Oh Aimee, I'm so sorry to hear you're struggling so much *gentle squishes*
Let me just start by saying that you are wonderful & what happened to you was beyond words, you suffered indescribable trauma that you didn't deserve & you have every right in the world to feel validated in what happened to you. Whether you have PTSD or not, you felt that pain, you still feel pain today & what happened, shouldn't have happened & you have every right to feel the way you whatever anyone else says.
The anger, the hurt, the confusion, the denial, is all a part of processing the trauma that you went through & all I can say is that it will get easier, I promise.
Ama has a brilliant idea,, looking into groups is something to defiantly pursue. I love this idea of the app too, if you think it might help, You go ahead & do it. Do whatever you have to, to help yourself heal.
I saw my psychologist today and she recommended trying to go back to my assault counsellor. Last time I called to try and re-engage they wanted me to go through triage which i didn't think was necessary so I didn't follow up with it. But she said I should perhaps email her and tell her I want a "top up" of sorts and if that's ok and how to go about it.
I worried I might fall into a "victim" mindset but I think I'm there so I want her help to get out of it. It worked in the past.
I really hope that seeing her is helpful to you and that she gets back to you super soon.
If you're worried about being a victim? I wouldn't really worry about that too too much. You were a victim of a crime, that's a fact. But you're a lot of other things too. You're a friend and a sister and a daughter and so so so many other things. And you're you. That's the most important bit.
The counsellor responded and said their wait list is long but a top up session would be okay (if it can be fit around work hours). She mentioned something about phone and email support do not sure if she means that in conjunction with the single session, but that would be very kind.

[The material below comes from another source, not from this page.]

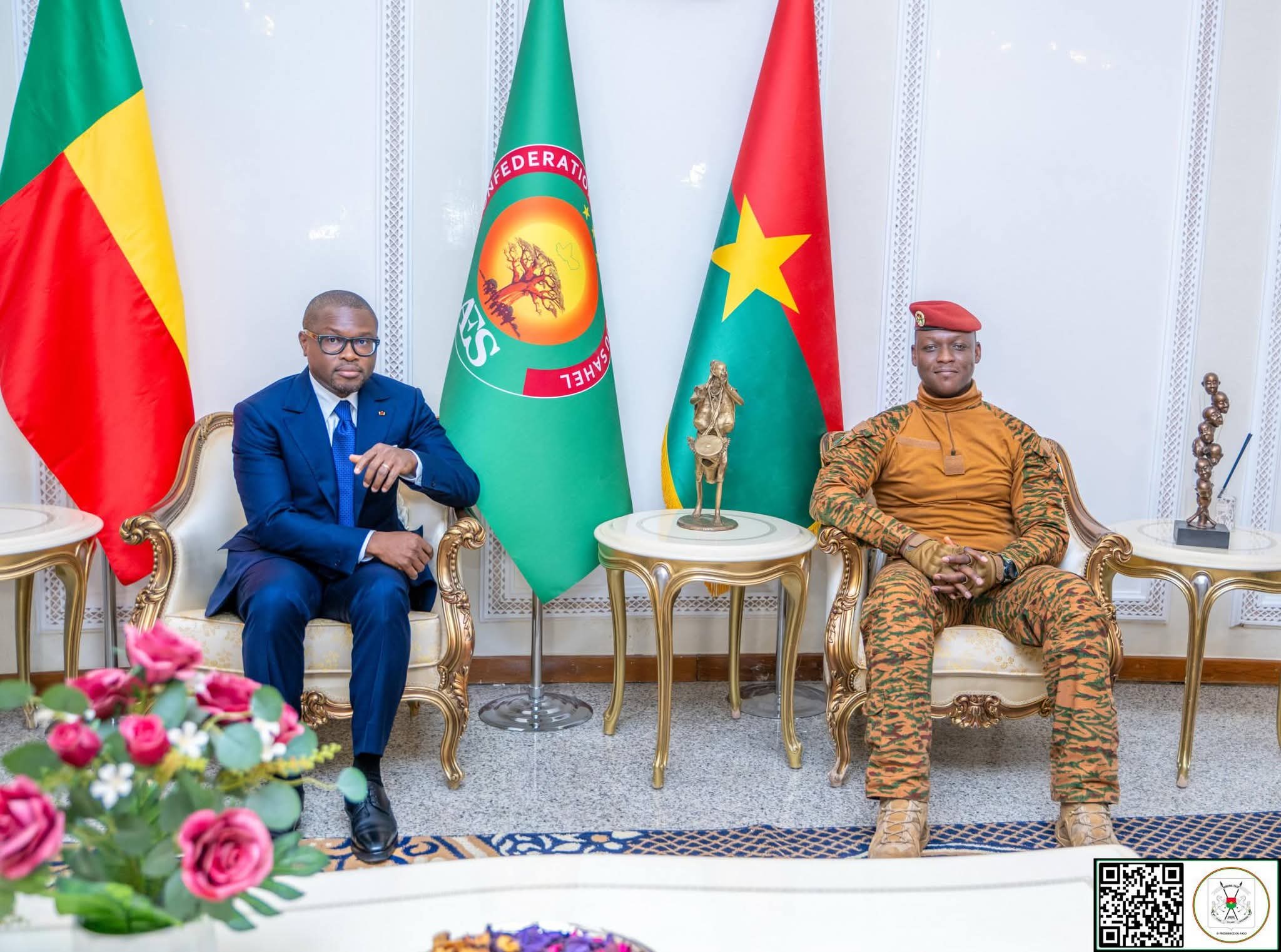 VISITE D’AMITIÉ ET DE TRAVAIL DU PRÉSIDENT BÉNINOIS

Thank you Ama, very true words. I guess I wonder if bringing it up will intensify the victim feelings and sense of injustice but I guess I already have those so at least I can get help with it.
I should have looked over the notes she left me with last time but I feel too fragile to do it because it describes what happened and I don't want to go there on my own.
I worry I'm just going to waste her time too. I mean what am I going to say, I still feel confused if he was guilty of anything? I want to report it anonymously but if the police followed up that seems unfair on him? That I have dreams every so often but not frequently enough that it really warrants discussion?
Sorry to keep going on. Just getting it out of my head.
I don't know. Maybe I overreacted. We'll see if I can get an appointment any way I suppose.
Last edited by Snow White. : 01-09-2015 at 02:08 PM.
I'm glad you're seeing her. I hope you find it helpful, and I don't think you're overreacting. You're finding things hard - understandably, because this is an awful, awful thing to go through, and it's totally okay to need some help and support.
Try to be good to yourself just now x
"I know you're sad, so I won't tell you to have a good day. Instead, I advise you to simply have a day.
Stay alive, feed yourself well, wear comfortable clothes, and don't give up on yourself just yet.
It'll get better. Until then, have a day."